Scraped caption text data:

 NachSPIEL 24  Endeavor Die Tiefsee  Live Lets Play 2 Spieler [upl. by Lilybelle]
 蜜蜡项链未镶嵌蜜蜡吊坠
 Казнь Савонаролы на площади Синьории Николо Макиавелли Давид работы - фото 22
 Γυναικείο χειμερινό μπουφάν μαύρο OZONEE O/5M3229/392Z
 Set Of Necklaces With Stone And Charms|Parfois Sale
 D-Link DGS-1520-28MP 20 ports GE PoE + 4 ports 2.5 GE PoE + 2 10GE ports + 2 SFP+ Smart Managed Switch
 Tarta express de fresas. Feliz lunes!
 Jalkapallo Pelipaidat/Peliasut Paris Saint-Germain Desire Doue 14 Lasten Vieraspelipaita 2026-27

:: Work request ::
Copy the line containing "D-Link DGS-1520-28MP 20" and every line after it, through the last line of the records. Include nothing else.

:: Reply to the task ::
 D-Link DGS-1520-28MP 20 ports GE PoE + 4 ports 2.5 GE PoE + 2 10GE ports + 2 SFP+ Smart Managed Switch
 Tarta express de fresas. Feliz lunes!
 Jalkapallo Pelipaidat/Peliasut Paris Saint-Germain Desire Doue 14 Lasten Vieraspelipaita 2026-27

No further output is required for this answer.